Patent Bar Is Atwitter About Bilski Decision

Posted by Ed Shanahan

By Nate Raymond, The Am Law Litigation Daily

Every time we talked to an IP lawyer yesterday, the only topic of conversation was the Federal Circuit's decision in the Bilski case. (Of course, if you check out the opinion, you'll see that about half the bar appeared in the case.)

In a ruling with huge business implications, the appellate judges continued the Federal Circuit's recent trend toward narrowing the power of patents. In re Bilski, for those not in the know, is a case that asks whether a business method can be patented. Business method patents came into vogue following a controversial Federal Circuit decision in 1998, State Street Bank v. Signature Financial Group. In that case, the court granted patent protection to a system for managing mutual fund accounts.

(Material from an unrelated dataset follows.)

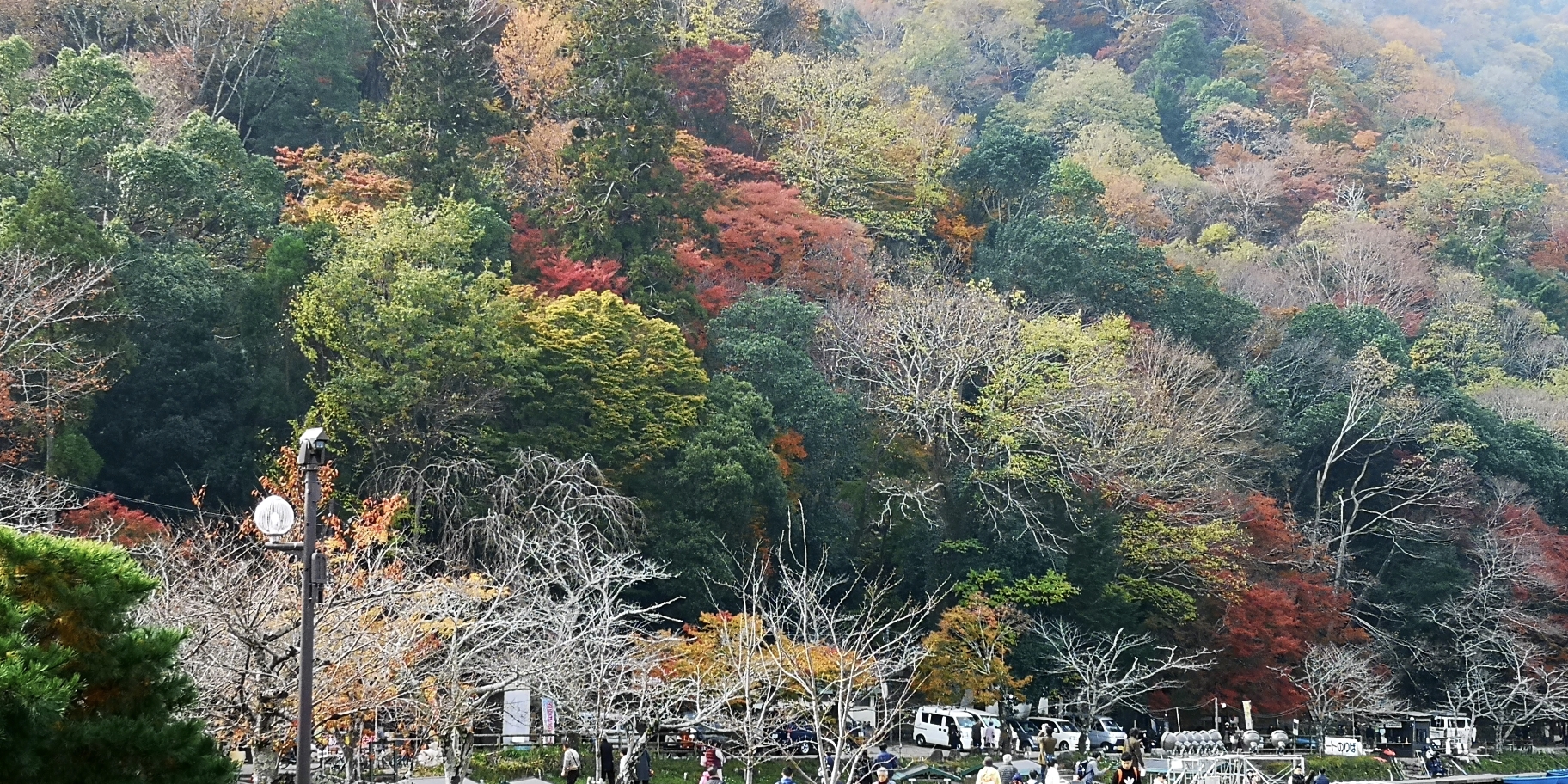 京都自助遊攻略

Critics of the State Street ruling have long argued that it resulted in weak patents. In the case at issue, for example, two men, Bernard Bilski and Rand Warsaw, applied for a patent to cover a technique to hedge risk in commodities trading. The Patent and Trademark Office denied the application, calling it too abstract. Bilski and Warsaw's lawyers from The Webb Law Firm appealed, and eventually the case landed before the Federal Circuit, which took it up en banc.

In yesterday's 9-to-3 decision upholding the PTO's ruling, the court wrote that in order for a business method to receive patent protection, it would need to either "transform [an] article to a different state or thing" or be "tied to a particular machine." "The court went back to principles articulated in earlier Supreme Court decisions and said that for a method to be patentable it either has to be transformative or it needs to be a method that is employed specifically with a machine or an apparatus," said Wilmer Cutler Pickering Hale and Dorr partner William Lee, who argued for an amicus, the Financial Services Industry, in the case. (For Wilmer's insightful analysis of the Bilski ruling, click here.) Another amicus filer, Ropes & Gray's James Myers, told sibling publication Legal Times that the Federal Circuit's newly articulated machine-or-transformation test "shifts away from State Street and brings the Federal Circuit more in alignment with the Supreme Court." Myers predicts that the next wave of business method litigation will focus "on what degree of computerized involvement you have to have in order to meet the threshold."